Invalid arguments will result in return value NaN, with a warning.
Note
The gamma distribution takes values on the positive real line. Special cases of
the gamma are the exponential distribution and the
chi-square distribution. Applications of the gamma include
life testing, statistical ecology, queuing theory, inventory control and
precipitation processes. A gamma distribution starts to resemble a normal
distribution as the shape parameter \alpha tends to infinity or
the cv parameter \tau tends to 0.
Some EPA guidance documents (e.g., Singh et al., 2002; Singh et al., 2010a,b)
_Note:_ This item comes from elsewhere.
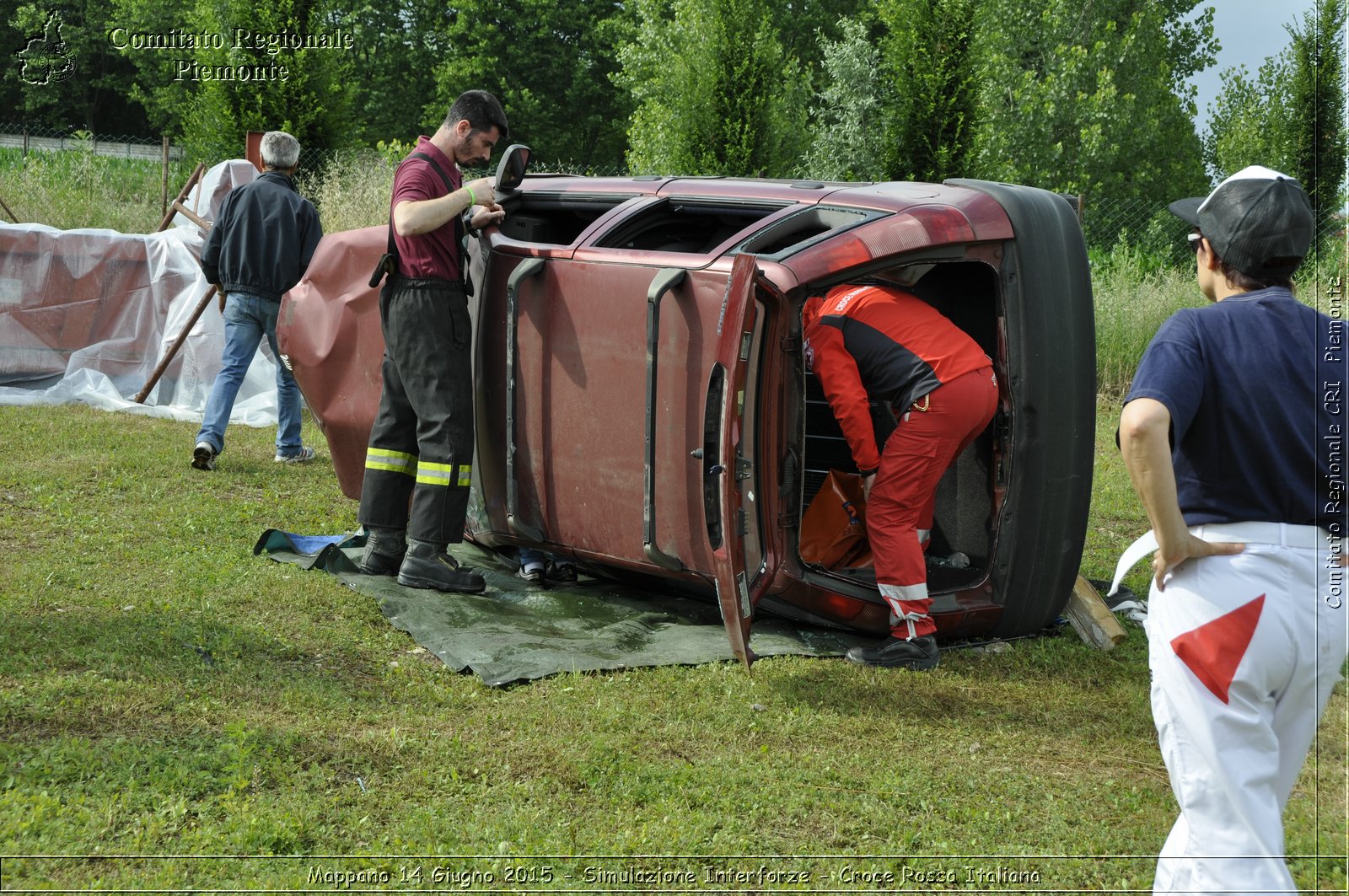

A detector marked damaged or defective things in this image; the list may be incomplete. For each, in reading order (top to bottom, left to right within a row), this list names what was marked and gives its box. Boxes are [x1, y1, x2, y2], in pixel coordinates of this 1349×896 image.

overturned red car [282, 148, 1095, 663]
discourage using the assumption of a lognormal distribution
for some types of environmental data and recommend instead assessing whether
the data appear to fit a gamma distribution.
Author(s)
Steven P. Millard (EnvStats@ProbStatInfo.com)
References
Forbes, C., M. Evans, N. Hastings, and B. Peacock. (2011).
Statistical Distributions, Fourth Edition.
John Wiley and Sons, Hoboken, NJ.
Johnson, N. L., S. Kotz, and N. Balakrishnan. (1994).
Continuous Univariate Distributions, Volume 1.
Second Edition. John Wiley and Sons, New York.
Singh, A., A.K. Singh, and R.J. Iaci. (2002). Estimation of the Exposure
Point Concentration Term Using a Gamma Distribution. EPA/600/R-02/084.
October 2002. Technology Support Center for Monitoring and Site Characterization,
Office of Research and Development, Office of Solid Waste and Emergency Response,
U.S. Environmental Protection Agency, Washington, D.C.
Singh, A., R. Maichle, and N. Armbya. (2010a). ProUCL Version 4.1.00
User Guide (Draft). EPA/600/R-07/041, May 2010. Office of Research and
Development, U.S. Environmental Protection Agency, Washington, D.C.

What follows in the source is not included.